LONDON: The 77-million strong world-wide Anglican Communion is facing a historic split over the Church’s liberal approach to homosexuality and women priests with a conservative faction, led mostly by Asian, African and South American clergy, announcing the formation of a parallel group in protest against what they described as the “forces of militant secularism and pluralism” within the Church.
The announcement, made at a conference of 300 bishops in Jerusalem last week, is seen as a serious challenge to the authority of the Archbhishop of Canterbury, Rowan Williams, head of the Church of England from which the global Anglican Communion derives its roots.
The proposed breakaway “church,” called the Fellowship of Confessing Anglicans (Foca), would offer an alternative to all those who are opposed to appointment of gay priests, same-sex marriages, and ordination of women clergy.

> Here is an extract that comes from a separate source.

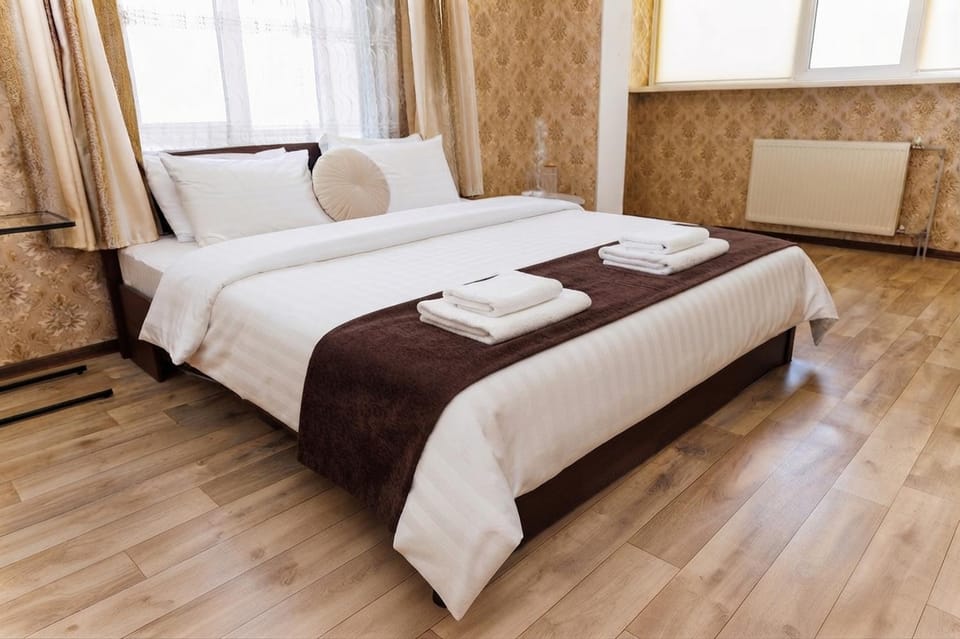 Bed, Photo of the whole room, Bedroom, towels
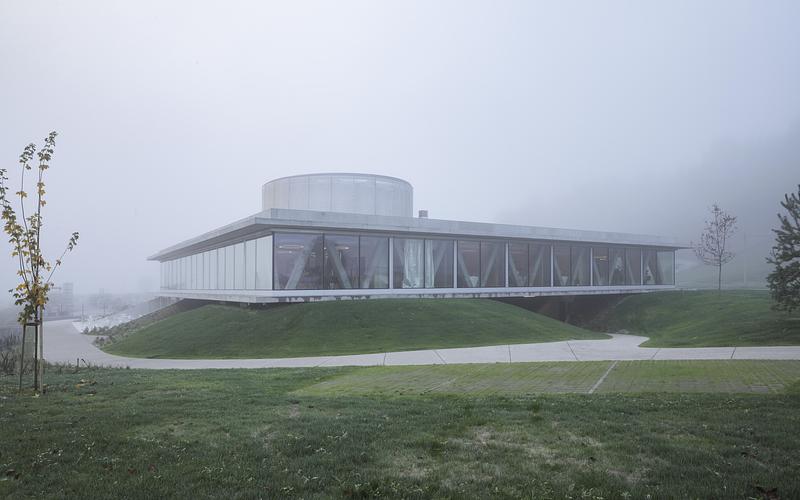 Dossier de presse | 7933-01 - Communiqué de presse | Production and Office Building Dubrovcan - MVA / Mikelic Vres Arhitekti - Architecture commerciale - Crédit photo : Jure Živković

The strongest opposition to the current policy on these issues has come from Asian and African evangelists who believe it is a “betrayal” of biblical teachings.
The move, seen as marking the end of colonial domination of the Anglican Communion, questions the historic supremacy of the Archbishop of Canterbury but stops short of a formal split. In a statement, the dissenters said the move was “unusual” but justified it saying “the times we live in are [also] unusual.”
On Tuesday, Dr. Williams warned the decision to set up a breakaway church was fraught with dangers and urged the rebels to “think very carefully about the risks entailed.”